# Task description
Using the records below, give again exactly the lines from the line that contains "Imagem de satélite" through the line that contains "Men's Teenage Mutant", both ends included, and only those.

Brief descriptive captions
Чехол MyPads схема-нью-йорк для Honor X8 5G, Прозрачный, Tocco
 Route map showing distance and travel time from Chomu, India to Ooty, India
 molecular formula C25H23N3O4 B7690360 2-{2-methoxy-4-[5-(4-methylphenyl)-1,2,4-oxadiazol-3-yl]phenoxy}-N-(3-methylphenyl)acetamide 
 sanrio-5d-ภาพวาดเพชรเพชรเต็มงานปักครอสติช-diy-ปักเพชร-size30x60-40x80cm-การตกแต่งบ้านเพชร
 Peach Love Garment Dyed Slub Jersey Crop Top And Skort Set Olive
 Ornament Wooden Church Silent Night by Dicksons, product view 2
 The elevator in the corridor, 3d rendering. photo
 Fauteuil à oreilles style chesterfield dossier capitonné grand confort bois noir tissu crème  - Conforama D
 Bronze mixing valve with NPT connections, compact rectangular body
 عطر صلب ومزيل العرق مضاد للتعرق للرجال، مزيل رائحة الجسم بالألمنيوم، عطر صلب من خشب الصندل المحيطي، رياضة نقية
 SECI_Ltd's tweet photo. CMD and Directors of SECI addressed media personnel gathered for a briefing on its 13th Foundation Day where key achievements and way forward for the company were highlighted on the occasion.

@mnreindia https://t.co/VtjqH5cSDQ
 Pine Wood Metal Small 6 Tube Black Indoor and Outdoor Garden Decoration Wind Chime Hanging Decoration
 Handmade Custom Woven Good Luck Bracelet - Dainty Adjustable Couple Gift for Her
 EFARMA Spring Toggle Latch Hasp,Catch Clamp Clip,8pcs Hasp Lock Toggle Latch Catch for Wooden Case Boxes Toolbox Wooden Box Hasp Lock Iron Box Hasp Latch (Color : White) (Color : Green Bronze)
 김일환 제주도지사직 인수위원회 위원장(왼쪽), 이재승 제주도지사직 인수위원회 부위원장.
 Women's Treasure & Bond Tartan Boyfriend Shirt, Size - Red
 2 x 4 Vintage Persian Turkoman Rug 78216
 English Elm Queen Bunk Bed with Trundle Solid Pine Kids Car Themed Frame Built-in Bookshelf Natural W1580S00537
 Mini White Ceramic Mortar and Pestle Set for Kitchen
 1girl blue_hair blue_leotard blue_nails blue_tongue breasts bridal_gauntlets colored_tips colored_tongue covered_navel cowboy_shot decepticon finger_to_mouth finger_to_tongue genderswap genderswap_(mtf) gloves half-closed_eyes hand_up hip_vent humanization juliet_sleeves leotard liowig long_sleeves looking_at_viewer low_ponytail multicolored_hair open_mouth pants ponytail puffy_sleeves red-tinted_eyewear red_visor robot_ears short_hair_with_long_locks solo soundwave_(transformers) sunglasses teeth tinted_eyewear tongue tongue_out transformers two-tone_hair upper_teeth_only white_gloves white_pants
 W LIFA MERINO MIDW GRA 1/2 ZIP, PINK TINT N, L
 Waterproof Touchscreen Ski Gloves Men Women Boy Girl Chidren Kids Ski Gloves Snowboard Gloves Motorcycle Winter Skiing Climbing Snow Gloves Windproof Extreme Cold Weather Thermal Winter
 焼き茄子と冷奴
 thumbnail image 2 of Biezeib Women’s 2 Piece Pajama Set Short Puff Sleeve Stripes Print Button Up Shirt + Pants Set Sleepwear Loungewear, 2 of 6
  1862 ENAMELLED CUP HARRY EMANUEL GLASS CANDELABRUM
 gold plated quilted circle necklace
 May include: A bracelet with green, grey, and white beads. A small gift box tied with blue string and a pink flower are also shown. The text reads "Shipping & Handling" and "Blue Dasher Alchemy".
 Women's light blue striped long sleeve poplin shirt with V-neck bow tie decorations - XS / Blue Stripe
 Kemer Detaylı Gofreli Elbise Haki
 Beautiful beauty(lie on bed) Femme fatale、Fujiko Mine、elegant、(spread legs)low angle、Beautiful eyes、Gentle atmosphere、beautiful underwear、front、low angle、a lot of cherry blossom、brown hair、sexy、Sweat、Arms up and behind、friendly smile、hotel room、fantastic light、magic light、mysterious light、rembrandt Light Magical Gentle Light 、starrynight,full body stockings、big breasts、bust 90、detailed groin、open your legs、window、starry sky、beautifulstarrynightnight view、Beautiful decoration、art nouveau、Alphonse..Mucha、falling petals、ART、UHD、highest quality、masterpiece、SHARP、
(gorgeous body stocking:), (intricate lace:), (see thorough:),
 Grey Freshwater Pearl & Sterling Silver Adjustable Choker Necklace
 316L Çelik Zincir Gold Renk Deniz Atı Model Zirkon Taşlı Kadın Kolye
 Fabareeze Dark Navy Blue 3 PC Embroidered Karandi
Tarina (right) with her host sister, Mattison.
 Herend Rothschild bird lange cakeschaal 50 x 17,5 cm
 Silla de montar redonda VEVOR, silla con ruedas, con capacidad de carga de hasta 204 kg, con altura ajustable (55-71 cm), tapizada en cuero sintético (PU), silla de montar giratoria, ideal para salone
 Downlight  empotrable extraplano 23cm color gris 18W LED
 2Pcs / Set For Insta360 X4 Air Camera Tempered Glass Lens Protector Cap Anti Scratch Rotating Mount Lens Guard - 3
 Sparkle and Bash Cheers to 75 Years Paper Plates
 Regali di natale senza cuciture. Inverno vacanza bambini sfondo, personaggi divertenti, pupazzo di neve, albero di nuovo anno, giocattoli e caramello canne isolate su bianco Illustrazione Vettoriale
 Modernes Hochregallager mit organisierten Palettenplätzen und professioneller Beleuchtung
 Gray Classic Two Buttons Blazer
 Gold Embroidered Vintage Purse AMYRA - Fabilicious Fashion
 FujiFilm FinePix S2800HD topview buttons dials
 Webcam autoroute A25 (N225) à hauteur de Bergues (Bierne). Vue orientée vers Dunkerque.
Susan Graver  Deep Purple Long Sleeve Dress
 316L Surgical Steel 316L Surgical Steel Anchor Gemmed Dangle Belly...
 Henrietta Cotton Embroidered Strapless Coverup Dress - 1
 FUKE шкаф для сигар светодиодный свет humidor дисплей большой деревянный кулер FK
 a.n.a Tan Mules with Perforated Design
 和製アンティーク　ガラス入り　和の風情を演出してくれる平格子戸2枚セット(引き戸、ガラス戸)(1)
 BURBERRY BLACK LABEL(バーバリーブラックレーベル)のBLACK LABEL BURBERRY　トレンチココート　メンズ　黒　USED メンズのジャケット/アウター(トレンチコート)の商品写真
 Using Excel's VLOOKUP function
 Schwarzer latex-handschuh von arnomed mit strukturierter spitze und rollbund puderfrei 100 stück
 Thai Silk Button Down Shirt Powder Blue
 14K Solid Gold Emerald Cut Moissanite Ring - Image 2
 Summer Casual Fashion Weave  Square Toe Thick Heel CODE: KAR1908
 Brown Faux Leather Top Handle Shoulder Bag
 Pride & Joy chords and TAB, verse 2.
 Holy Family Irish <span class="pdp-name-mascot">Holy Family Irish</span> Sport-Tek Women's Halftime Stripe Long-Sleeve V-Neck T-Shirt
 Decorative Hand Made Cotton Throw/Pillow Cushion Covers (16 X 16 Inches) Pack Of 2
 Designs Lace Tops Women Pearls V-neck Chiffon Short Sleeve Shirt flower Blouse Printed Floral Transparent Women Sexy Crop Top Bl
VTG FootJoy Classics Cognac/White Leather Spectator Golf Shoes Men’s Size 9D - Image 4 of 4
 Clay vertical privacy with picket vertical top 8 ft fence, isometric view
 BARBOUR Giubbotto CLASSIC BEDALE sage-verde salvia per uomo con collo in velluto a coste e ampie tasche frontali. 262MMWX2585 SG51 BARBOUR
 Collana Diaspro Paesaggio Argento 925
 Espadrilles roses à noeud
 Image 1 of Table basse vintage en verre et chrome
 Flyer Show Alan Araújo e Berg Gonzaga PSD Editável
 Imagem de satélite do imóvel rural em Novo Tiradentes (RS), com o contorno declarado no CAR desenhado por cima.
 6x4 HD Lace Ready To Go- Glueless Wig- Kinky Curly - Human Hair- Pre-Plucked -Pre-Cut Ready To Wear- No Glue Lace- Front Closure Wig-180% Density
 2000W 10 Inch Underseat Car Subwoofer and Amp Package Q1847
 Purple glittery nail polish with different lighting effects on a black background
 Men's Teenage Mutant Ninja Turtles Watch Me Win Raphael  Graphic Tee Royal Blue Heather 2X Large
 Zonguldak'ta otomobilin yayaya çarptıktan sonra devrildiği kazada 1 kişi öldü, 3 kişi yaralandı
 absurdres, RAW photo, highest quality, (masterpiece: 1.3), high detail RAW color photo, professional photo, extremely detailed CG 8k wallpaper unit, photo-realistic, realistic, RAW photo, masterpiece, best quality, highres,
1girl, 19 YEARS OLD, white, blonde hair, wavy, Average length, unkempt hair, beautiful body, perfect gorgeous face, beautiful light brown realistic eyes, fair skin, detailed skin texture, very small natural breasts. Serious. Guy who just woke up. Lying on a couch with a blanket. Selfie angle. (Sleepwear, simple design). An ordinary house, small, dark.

# Exercise output
 Imagem de satélite do imóvel rural em Novo Tiradentes (RS), com o contorno declarado no CAR desenhado por cima.
 6x4 HD Lace Ready To Go- Glueless Wig- Kinky Curly - Human Hair- Pre-Plucked -Pre-Cut Ready To Wear- No Glue Lace- Front Closure Wig-180% Density
 2000W 10 Inch Underseat Car Subwoofer and Amp Package Q1847
 Purple glittery nail polish with different lighting effects on a black background
 Men's Teenage Mutant Ninja Turtles Watch Me Win Raphael  Graphic Tee Royal Blue Heather 2X Large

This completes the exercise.